About this exercise: Any picture must be dropped, but each line of the data should be duplicated exactly.

━━━ Data shown

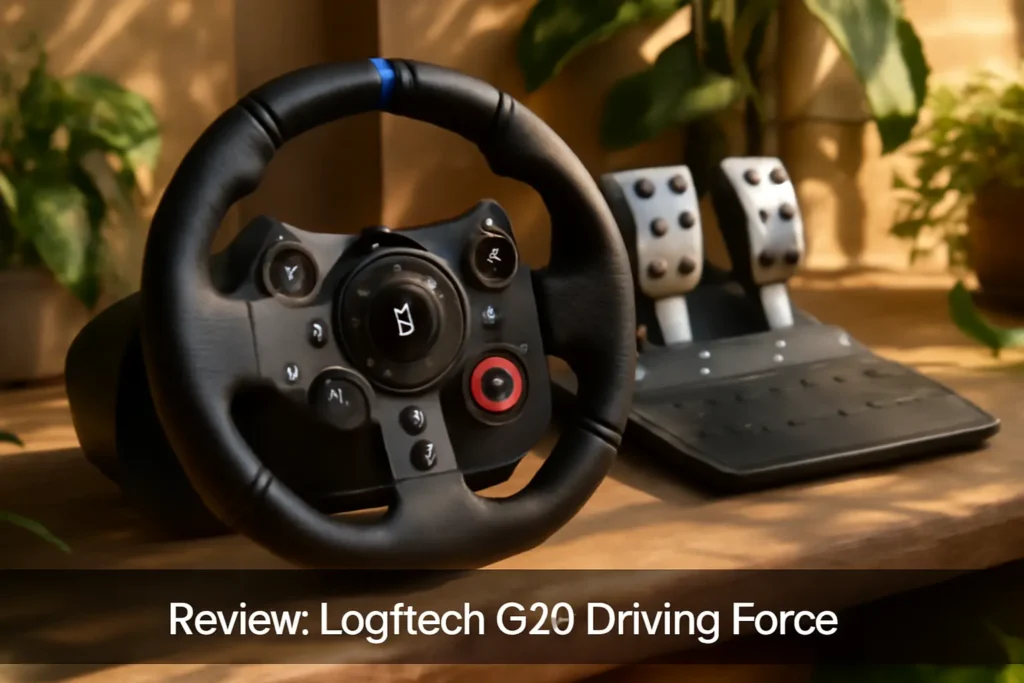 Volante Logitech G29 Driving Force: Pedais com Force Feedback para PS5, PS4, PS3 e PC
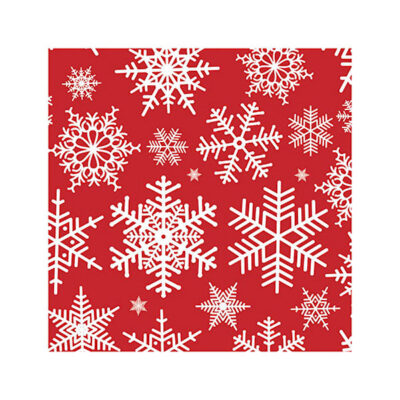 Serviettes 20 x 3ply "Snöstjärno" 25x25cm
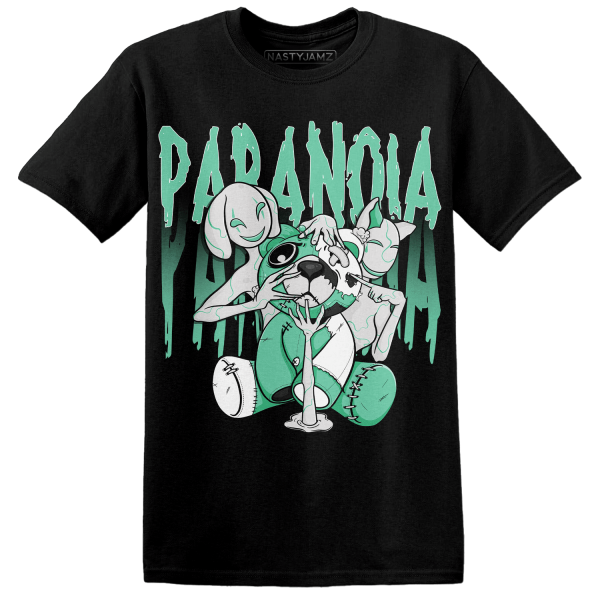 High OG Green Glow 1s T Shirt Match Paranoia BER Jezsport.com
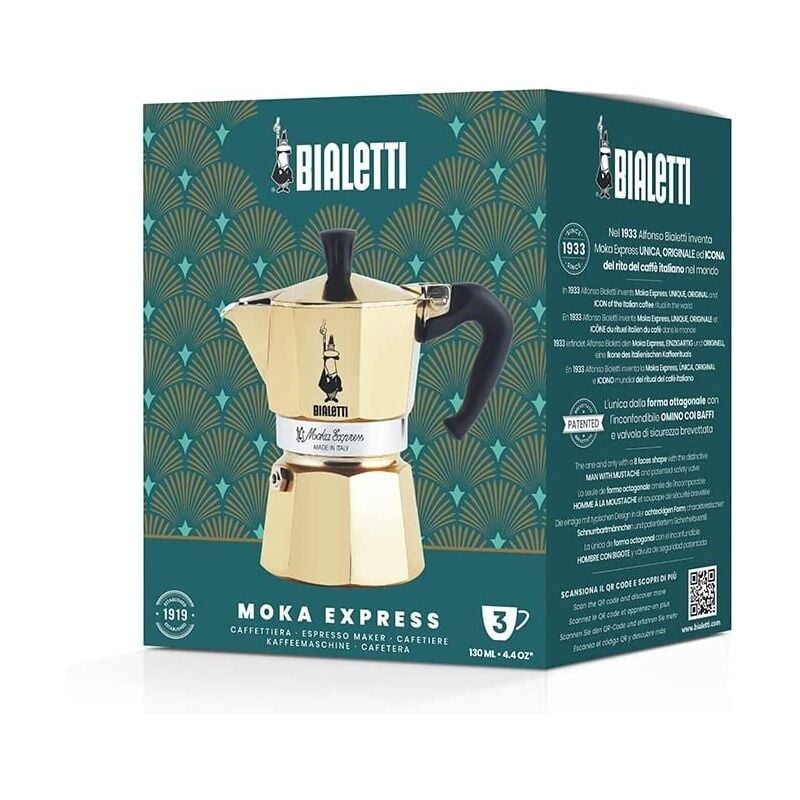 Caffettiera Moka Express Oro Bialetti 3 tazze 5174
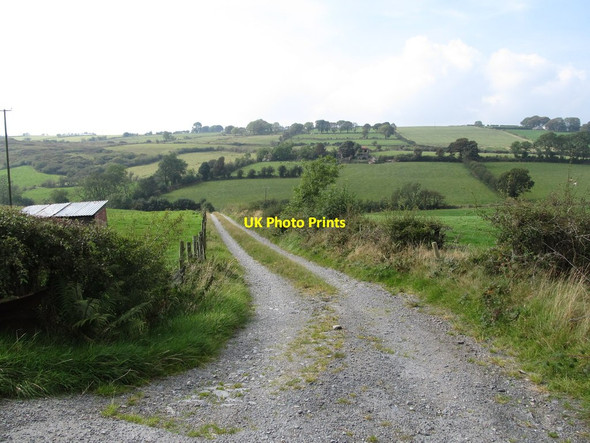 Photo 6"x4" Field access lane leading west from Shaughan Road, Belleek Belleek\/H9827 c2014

━━━━━━

Response:
 Volante Logitech G29 Driving Force: Pedais com Force Feedback para PS5, PS4, PS3 e PC
 Serviettes 20 x 3ply "Snöstjärno" 25x25cm
 High OG Green Glow 1s T Shirt Match Paranoia BER Jezsport.com
 Caffettiera Moka Express Oro Bialetti 3 tazze 5174
 Photo 6"x4" Field access lane leading west from Shaughan Road, Belleek Belleek\/H9827 c2014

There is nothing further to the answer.